最近よくフローとストックがごっちゃになった議論を耳にする。代表的なのは「日本の個人金融資産は2000兆円もあるのだから、それを1%(=20兆円)でも使えば、経済が活性化しGDPが成長する」とか「高齢者はお金を貯蓄しているだけなので、貯蓄を若者に回せば消費が増えGDPが成長する」などだ。

一見正しいように聞こえるが、実際は全くのニセ経済学だ。以前も説明したが、金融資産とは「貸しましたの記帳」に過ぎない。一方で金融負債は「借りましたの記帳」で、帳簿上の幻の資産と負債だ。そして金融資産と金融負債を足すと必ずゼロになる。

金融資産と金融負債は「ストック」で、GDPはその年の付加価値の合計なので「フロー」となる。そして「ストック」は既に何かに使われているお金なので、2度と使うことは出来ない。原理的に「ストック」は「フロー」に回ることは出来ないのだ。
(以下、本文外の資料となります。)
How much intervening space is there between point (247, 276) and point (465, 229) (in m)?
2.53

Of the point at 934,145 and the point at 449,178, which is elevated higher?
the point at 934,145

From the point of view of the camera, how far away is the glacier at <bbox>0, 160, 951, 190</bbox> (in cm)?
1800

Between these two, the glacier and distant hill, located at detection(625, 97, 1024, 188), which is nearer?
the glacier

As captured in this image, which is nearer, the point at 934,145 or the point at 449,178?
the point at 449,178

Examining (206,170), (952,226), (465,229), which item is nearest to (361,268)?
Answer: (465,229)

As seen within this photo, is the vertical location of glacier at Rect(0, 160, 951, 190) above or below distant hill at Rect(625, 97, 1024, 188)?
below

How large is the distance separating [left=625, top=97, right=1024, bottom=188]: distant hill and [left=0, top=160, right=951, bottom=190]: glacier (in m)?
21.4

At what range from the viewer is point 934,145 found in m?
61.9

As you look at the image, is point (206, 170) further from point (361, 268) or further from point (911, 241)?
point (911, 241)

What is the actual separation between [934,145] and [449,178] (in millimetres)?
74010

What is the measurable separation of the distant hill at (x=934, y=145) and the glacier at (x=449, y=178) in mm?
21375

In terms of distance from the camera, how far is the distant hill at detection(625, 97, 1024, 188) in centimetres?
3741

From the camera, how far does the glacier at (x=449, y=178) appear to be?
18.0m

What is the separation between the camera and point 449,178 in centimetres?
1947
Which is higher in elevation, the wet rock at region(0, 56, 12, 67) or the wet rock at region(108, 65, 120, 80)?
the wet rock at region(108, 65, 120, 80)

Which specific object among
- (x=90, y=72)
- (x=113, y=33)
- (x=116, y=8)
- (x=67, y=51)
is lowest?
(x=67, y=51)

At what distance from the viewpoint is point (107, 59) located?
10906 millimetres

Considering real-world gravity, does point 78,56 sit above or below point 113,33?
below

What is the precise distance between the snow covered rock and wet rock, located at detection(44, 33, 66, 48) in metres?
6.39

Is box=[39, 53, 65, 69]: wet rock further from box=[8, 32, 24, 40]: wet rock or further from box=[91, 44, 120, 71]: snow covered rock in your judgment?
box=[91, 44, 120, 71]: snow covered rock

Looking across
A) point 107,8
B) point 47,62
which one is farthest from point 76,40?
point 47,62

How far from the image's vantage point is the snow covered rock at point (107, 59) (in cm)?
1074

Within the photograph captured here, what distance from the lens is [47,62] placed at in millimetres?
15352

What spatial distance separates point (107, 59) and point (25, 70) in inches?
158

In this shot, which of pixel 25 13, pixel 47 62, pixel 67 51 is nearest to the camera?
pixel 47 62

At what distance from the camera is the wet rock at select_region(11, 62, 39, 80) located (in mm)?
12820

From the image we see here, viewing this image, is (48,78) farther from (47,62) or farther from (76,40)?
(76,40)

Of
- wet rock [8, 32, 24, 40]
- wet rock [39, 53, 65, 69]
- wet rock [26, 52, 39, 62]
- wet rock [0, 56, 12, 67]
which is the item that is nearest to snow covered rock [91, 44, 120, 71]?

しかし、一見すると「貯蓄(=ストック)を下ろして、10万円のパソコンを購入(=フロー)した」ように見えるのは何故だろうか?

それは、その反対側に「お金を稼いで(=フロー)、借金を返済(=ストック)している人」がいるからだ。要はこの人は消費(=フロー)を抑えて返済に回しており、それでバランスしている。だから一見すると個人(=ミクロ)では、貯蓄を下ろしてパソコンを買った「ストック→フロー」ように見えるが、社会全体(=マクロ)ではGDP(=フロー)が増えるわけではないのだ。

このマクロの動きは「直感」として分かりづらく、ニセ経済学が蔓延る原因となっている。